## WHAT NEEDS TO BE DONE
Copy each line from the data that has the word "Women" in it.

## PROVIDED INFORMATION
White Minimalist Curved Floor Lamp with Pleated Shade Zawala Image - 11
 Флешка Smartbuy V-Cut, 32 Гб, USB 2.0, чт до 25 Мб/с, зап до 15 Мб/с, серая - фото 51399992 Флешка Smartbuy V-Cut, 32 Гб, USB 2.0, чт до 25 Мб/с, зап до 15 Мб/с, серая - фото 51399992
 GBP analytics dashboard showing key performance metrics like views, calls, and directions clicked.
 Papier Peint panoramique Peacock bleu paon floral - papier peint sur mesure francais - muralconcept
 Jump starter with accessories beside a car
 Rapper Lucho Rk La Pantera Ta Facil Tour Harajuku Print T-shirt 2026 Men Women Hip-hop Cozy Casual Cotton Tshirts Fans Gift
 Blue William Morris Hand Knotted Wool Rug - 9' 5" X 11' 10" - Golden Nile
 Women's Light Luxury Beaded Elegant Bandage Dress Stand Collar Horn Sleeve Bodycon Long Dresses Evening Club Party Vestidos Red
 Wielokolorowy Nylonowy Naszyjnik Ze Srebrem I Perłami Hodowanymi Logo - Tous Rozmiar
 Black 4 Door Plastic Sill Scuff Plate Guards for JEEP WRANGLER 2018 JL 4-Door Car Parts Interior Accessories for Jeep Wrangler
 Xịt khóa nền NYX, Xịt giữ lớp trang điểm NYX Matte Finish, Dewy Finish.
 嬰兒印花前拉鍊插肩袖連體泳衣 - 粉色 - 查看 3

## SOLUTION TO THIS PROBLEM
 Rapper Lucho Rk La Pantera Ta Facil Tour Harajuku Print T-shirt 2026 Men Women Hip-hop Cozy Casual Cotton Tshirts Fans Gift
 Women's Light Luxury Beaded Elegant Bandage Dress Stand Collar Horn Sleeve Bodycon Long Dresses Evening Club Party Vestidos Red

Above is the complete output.